ASEAN Architect Suharto Passes On

Last Sunday was a sad and a historic day in Southeast Asia as General Suharto, a key architect of ASEAN, left this world at age 86. It seemed like any other day in Indonesia and the world. There was a state funeral but few world leaders mourned his passing. However, the General's close friends and co-architects of ASEAN, Singapore's Lee Kwan Yu and Malaysia's Mahathir Muhammad, reportedly made a visit to his deathbed and wept.

Lee, 84, and Mahathir, 82, paid what they knew would be their final respects to a former comrade-in-power, in a moment pregnant with symbolism as the curtain was drawing on a key regional actor. The death of Suharto, the most senior of the three ASEAN octogenarians, marks the beginning of the end of a defining generation of regional leaders, according to a Yang Razali Kassi of Pacific CSIS.

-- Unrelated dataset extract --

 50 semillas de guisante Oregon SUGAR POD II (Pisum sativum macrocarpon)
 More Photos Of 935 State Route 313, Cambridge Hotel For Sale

General Suharto leaves a mixed legacy for Indonesia and the entire region. He ruled with a firm hand over a diverse and sprawling country. Many will remember him for the rapid progress made by Indonesia and the ASEAN region that transformed both from agrarian and natural resource based economies to modern industrial economies. Others will recall the deaths of millions of Indonesians in the Communist purge, the human rights abuses in Indonesia and the horrors in East Timor and Aceh that took place on his watch.

Lee Kwan Yu and Mahathir Muhammad, the other two important architects of ASEAN, share many things in common with General Suharto. It was, therefore, quite natural for them to weep at the General's deathbed and think about their own legacies.

The questions that will continue to be asked are: Could the ASEAN economic transformation have been achieved without such leaders? Are other leaders elsewhere in the world inspired or horrified by such legacies? Would countries such as Pakistan be transformed economically in the same way? Are there better days ahead for them?

Here's a video clip on Suharto's legacy:


Riaz Haq said…
Here's a book review of "How Asia Works" by Amb Maleeha Lodhi published in The News:

An important new book explains why some countries have become economic tigers in East Asia while others are relative failures or paper tigers. ‘How Asia Works’ by Joe Studwell is a bold and insightful work that is essential reading for anyone interested in understanding the ingredients for economic success in this continent.

It challenges much conventional wisdom in the development debate. Most significantly the book questions key tenets of the so-called Washington consensus, which prescribes free market ‘solutions’ for all economies regardless of their level of development. Studwell establishes that a nation’s development destiny is shaped most decisively by government action and policies. History, writes the author, shows that markets are created, shaped and re-shaped by political power.
At the very outset, Studwell identifies three critical interventions that successful east-Asian countries and China (after 1978) employed to achieve accelerated economic development. The first, “often ignored”, and now “off the political agenda” in developing countries, is land reform. This restructured agriculture into highly labour-intensive household farming. In the early phase of development, with the necessary institutional support, this helped to generate a surplus, create markets and unlock great social mobility.

The second intervention, as countries cannot sustain growth only on agriculture and must transition to the next phase, is to direct entrepreneurs and investment to industrial manufacturing. Manufacturing allows for trade and technology learning. And trade, says the author, is essential for rapid economic development. Studwell then demonstrates – while challenging the champions of free trade – how nurturing and protection, along with instituting “export discipline”, builds the capacity to compete globally. Manufacturing policy is a key determinant of success he says, as an infant industry strategy offers the quickest route to restructuring the economy towards more value-added activities.

Holding that development is quintessentially a political undertaking, the author sees the relationship between the state and private entrepreneurs as a critical variable. History, he writes, teaches that governments should not run everything themselves. But governments have to use their power and the right policy tools to make private entrepreneurs do what industrial development requires.

The third intervention necessary for accelerated development is in the financial sector, aimed at directing capital initially to intensive, small scale agriculture and to manufacturing rather than services. Studwell argues persuasively that it was the close alignment of finance with agriculture and industrial policy objectives that produced north-east Asia’s economic success.

Detailing the role of financial policy, he illustrates how premature bank deregulation exacted a high price in Thailand and Indonesia. China, on the other hand, and other north-east Asian countries resisted that, instead using financial management to serve development needs and an accelerated economic learning process.